[Python-3000] Parameter types and multiple method dispatch

Thu Jul 20 10:08:26 CEST 2006

I've been thinking about the proposed "parameter types" feature of 
Python 3000. And there are two aspects of the current proposal that I 
find somewhat troubling.

Let me first review what the proposal is. The idea is that a new syntax 
would be added to allow specification of a "function signature" - 
essentially a way to annotate individual parameters and have those 
annotations be accessible via the function object.

In addition, one of the key design points is that these annotations 
would have no fixed meaning, but would instead simply be objects that 
are interpreted in various contexts, including function decorators for 
which the annotations might have special meaning.

I'm going to go out on a limb here and say that both of these concepts 
are less useful than one would think, and are likely to create a host of 
problems. I suspect that the proposed design will lead to difficulty of 
interpretation, and conflicts between different but overlapping goals 
within the design of a program.

The first difficulty has to do with the way in which the arguments are 
represented, specifically the notion that each annotation is associated 
with a specific formal parameter.

A python function declaration is a kind of mapping between input 
arguments and formal parameters. As we know from reading the Python 
language reference, this mapping is in many instances a non-trivial 
transformation.

For example, if I have a function:

    def X( a=2, b=3, *c, **d ):
       ...

and I call it with:

    X( b=100, f=9 )

We end with with values of 'a=2, b=100, c=[], and d={f:9}. However, 
those values can only be accessed from within the function body - there 
is no way for a decorator or any other external code to know what those 
values are. Even if the decorator 'wraps' the function, it only knows 
what actual parameters were passed - it can't *directly* know the value 
of a, b, c, and d, although it can attempt to *emulate* the mapping by 
reimplementing the parameter assignment algorithm.

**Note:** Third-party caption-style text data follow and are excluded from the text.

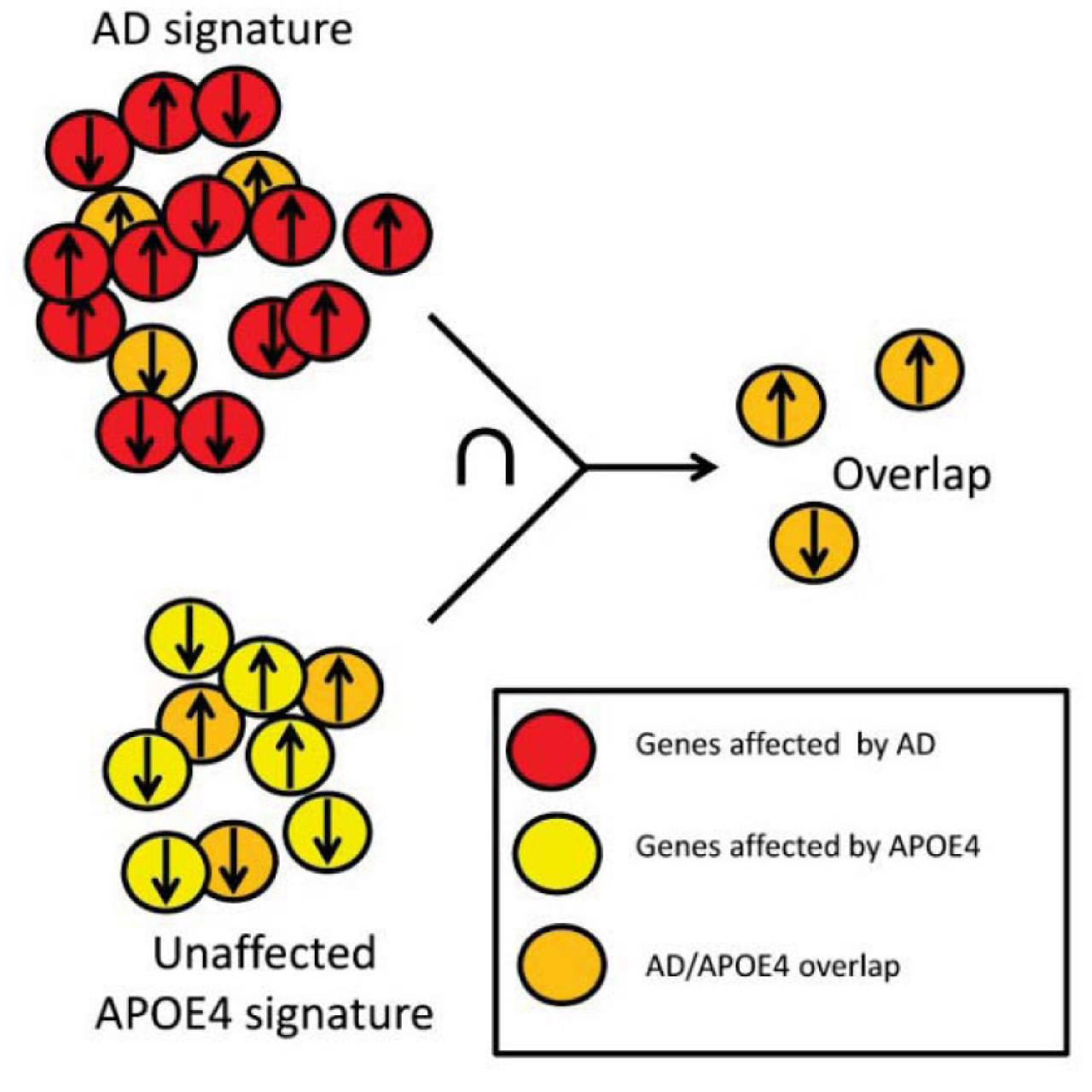 Key Molecular Pathways Leading To Alzheimer's Identified | Columbia ...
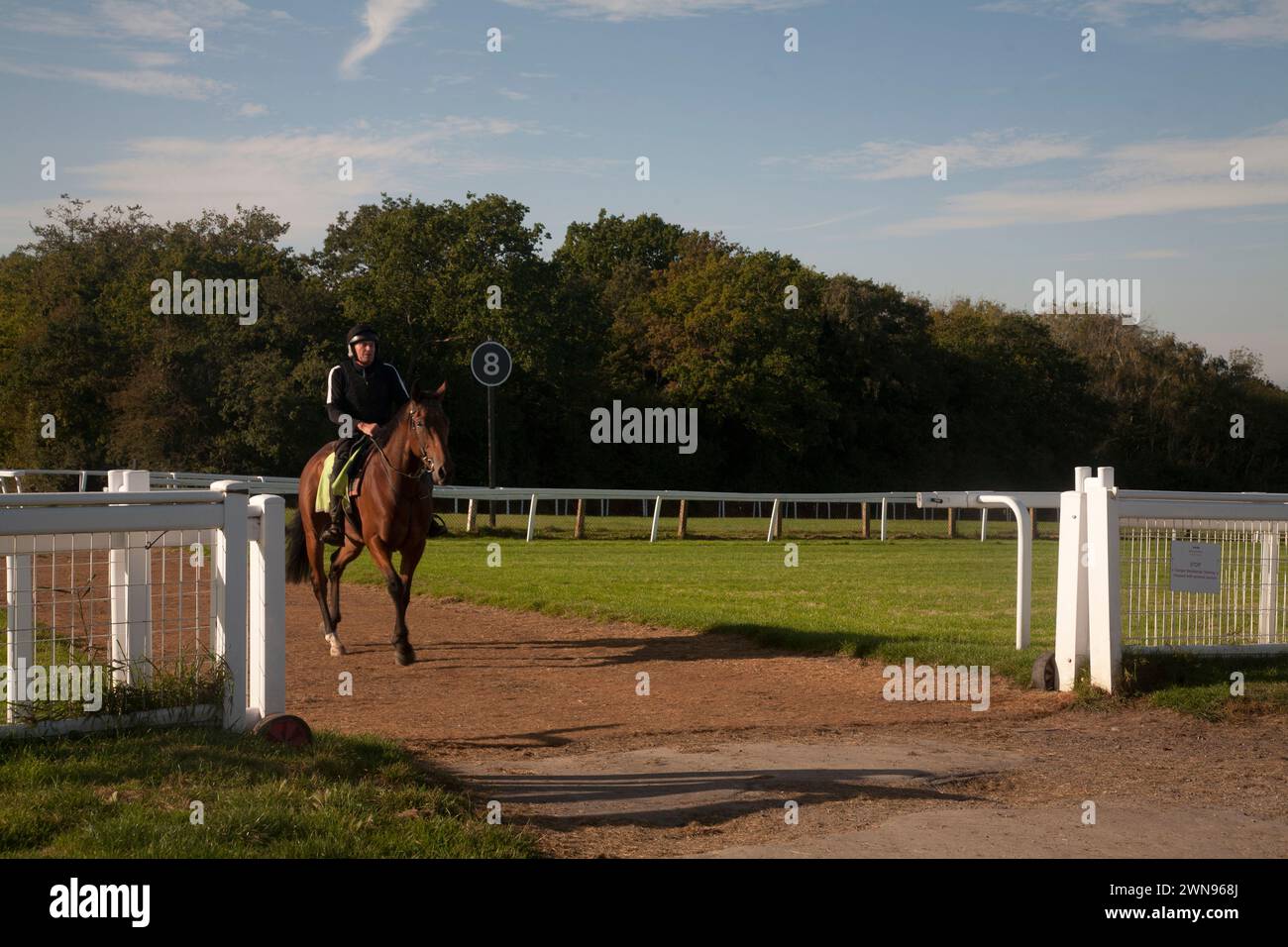 ippodromo di epsom a cavallo e fantino, epsom scende nel surrey, inghilterra Foto Stock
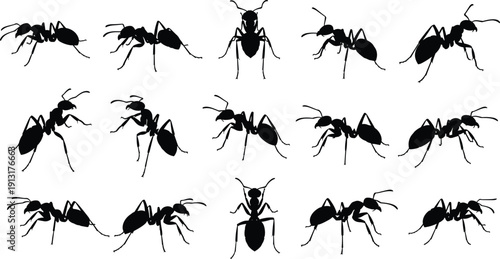 Set of Black Silhouette Vector Illustrations Featuring Small Ants in Various Poses for Nature Education Pest Control and Insect Graphic Designs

Now, normally decorators don't care about any of this - typically one 
writes a wrapper that simply has the same function signature as the 
method it wraps, and the code that calls the inner function is written 
by the programmer to reverse the transformation, so that the wrapped 
function can recieve the same arguments.

That technique is only useful, however, if the decorator is 
custom-written for functions that have a specific signature. Truly 
generic wrappers typically don't examine the arguments at all, they 
simply pass *args and **kwargs without looking at them too closely.

However, in order to use type annotations, one needs to associate 
between the actual arguments and the formal parameters - because the 
annotations are keyed by the formal parameter they are attached to. One 
way to do this is to simulate the mapping of arguments to formal 
parameters within the decorator. Once you know which formal parameter a 
given value is assigned to, you can then retrieve the annotation for 
that parameter and apply it to the value.

However, there are a number of drawbacks to doing this - first, the 
mapping algorithm isn't really that simple in the general case. Worse, 
the assignment of arguments to formal parameters is a prime suspect in 
the relative 'slowness' of Python function calls compared to other 
language features - and in order for the decorator to figure out which 
argument goes with which formal parameter, the decorator is now forced 
to perform that same mapping *again*.

Worse still if there is more than one decorator on the function, say 
adding multiple constraints, then each one has to perform this mapping step.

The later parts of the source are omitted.